PROBLEM. Starting at the line containing "Casa ID.518 - Acogedora" and ending at the line containing "DOUBLE STANDARD Room, Porcel", transcribe the listing below exactly. Keep both end lines, skip the pictures, and copy nothing else.

PROVIDED ENTRIES.
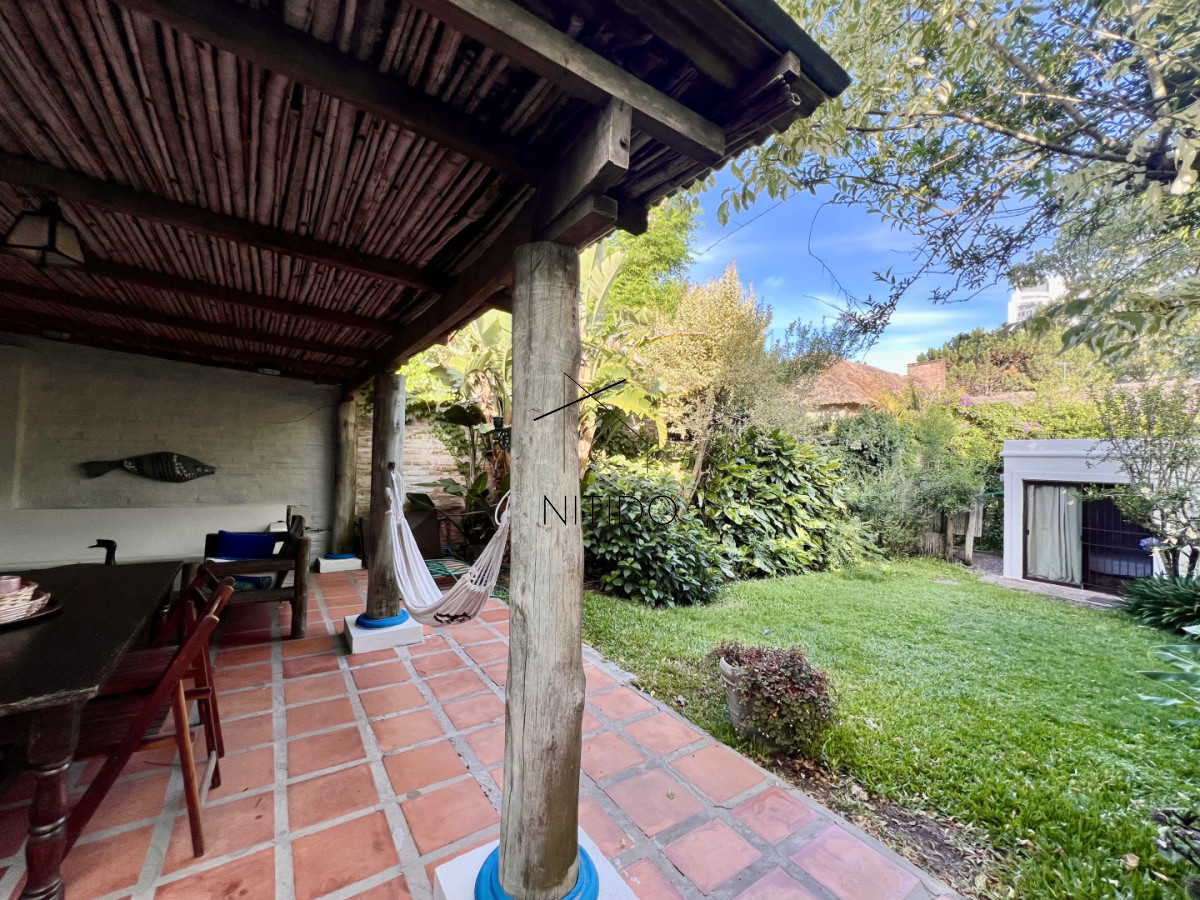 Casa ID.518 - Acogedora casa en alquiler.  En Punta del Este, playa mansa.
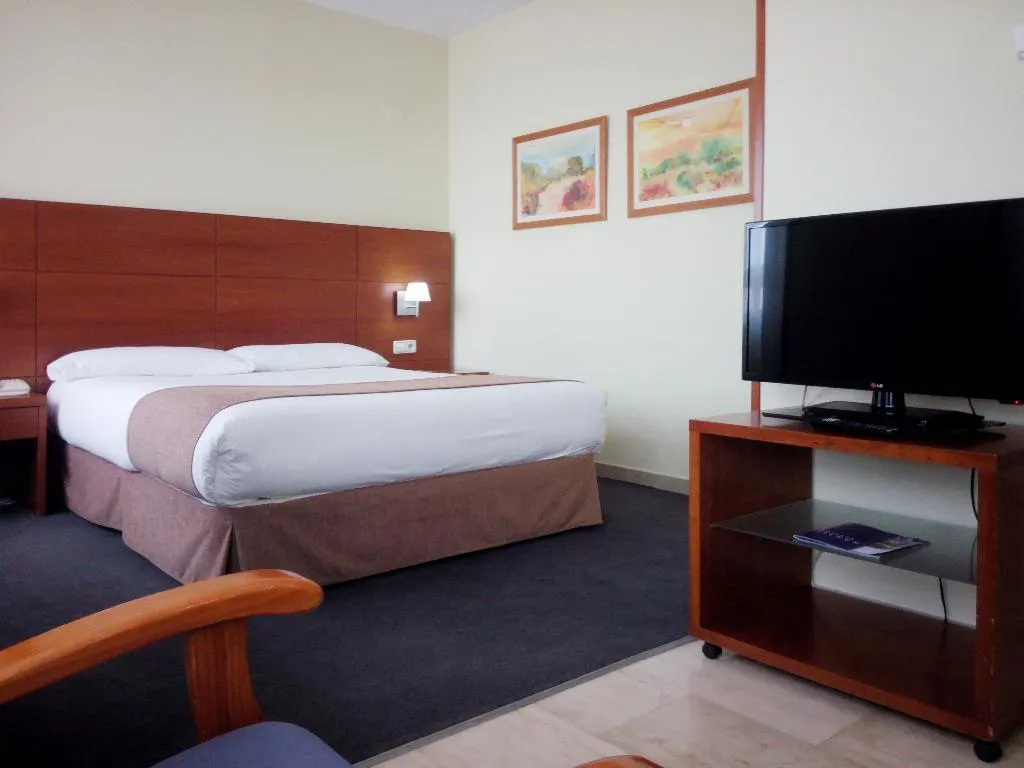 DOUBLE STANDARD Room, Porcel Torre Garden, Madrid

* * *

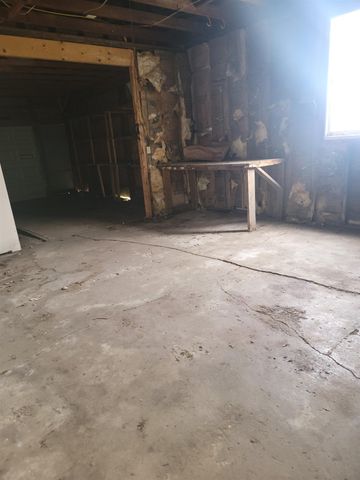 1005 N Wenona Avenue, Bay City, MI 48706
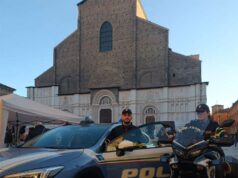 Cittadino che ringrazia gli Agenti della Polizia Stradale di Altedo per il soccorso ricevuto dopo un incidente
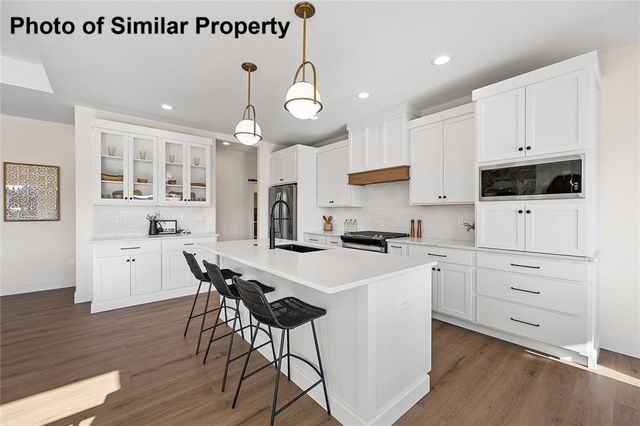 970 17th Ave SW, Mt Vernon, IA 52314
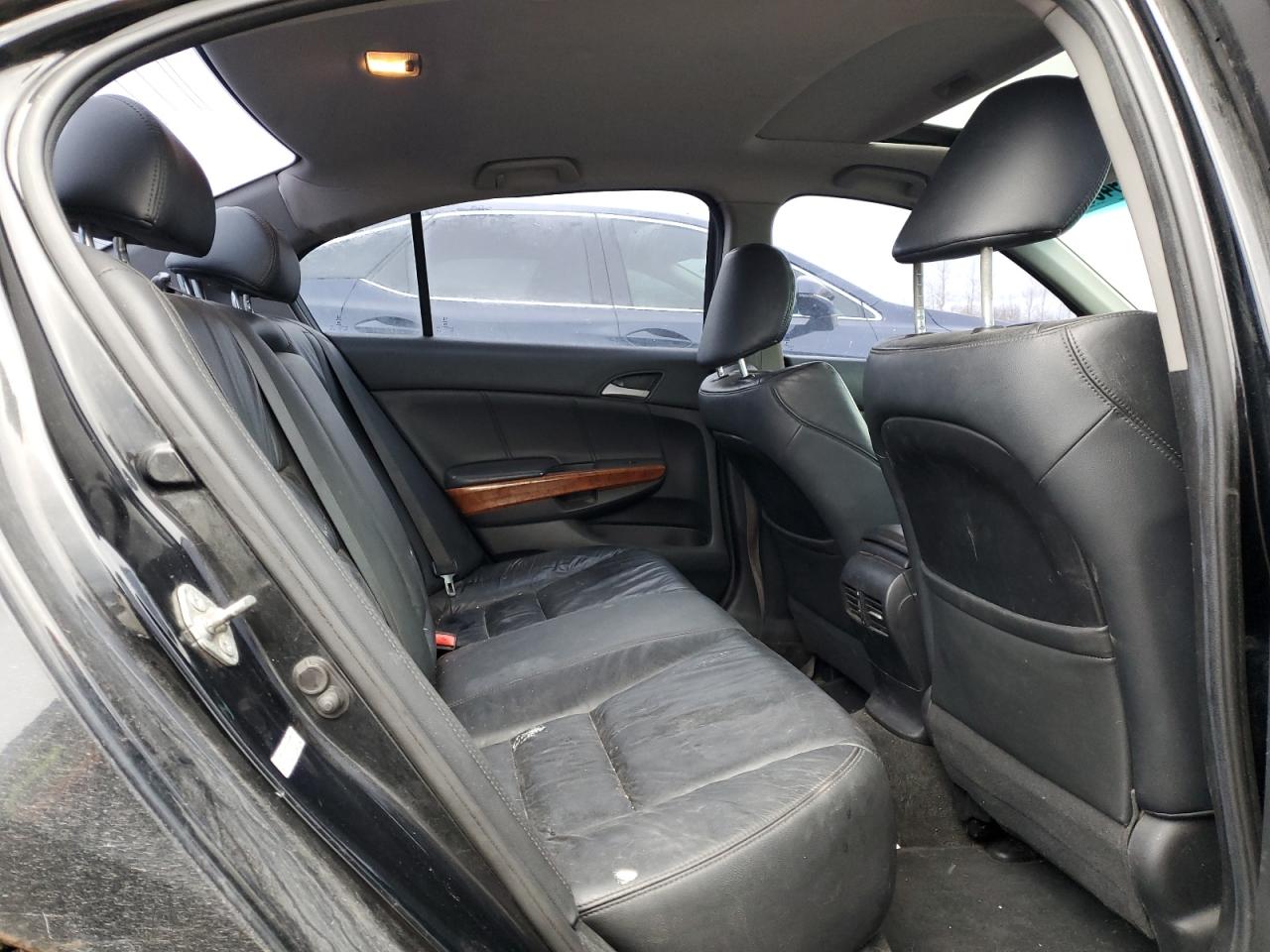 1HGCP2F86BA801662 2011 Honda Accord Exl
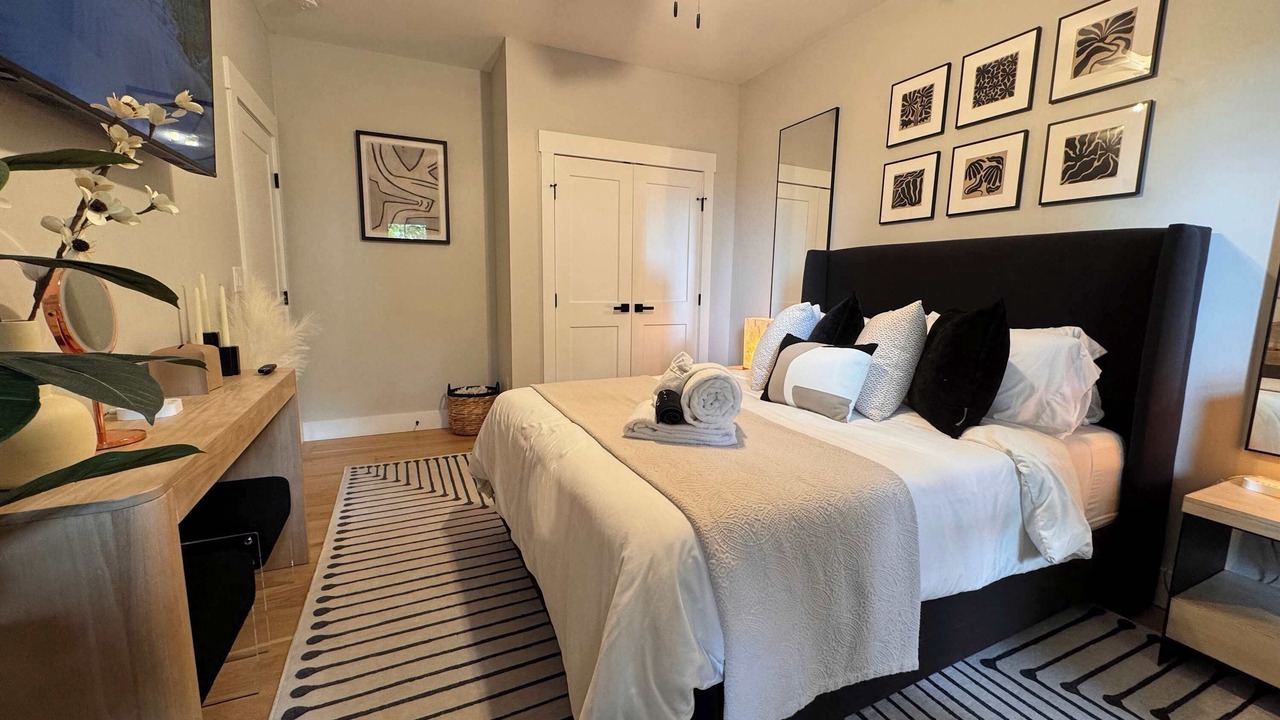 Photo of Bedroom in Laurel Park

ANSWER TO THE EXERCISE.
 Casa ID.518 - Acogedora casa en alquiler.  En Punta del Este, playa mansa.
 DOUBLE STANDARD Room, Porcel Torre Garden, Madrid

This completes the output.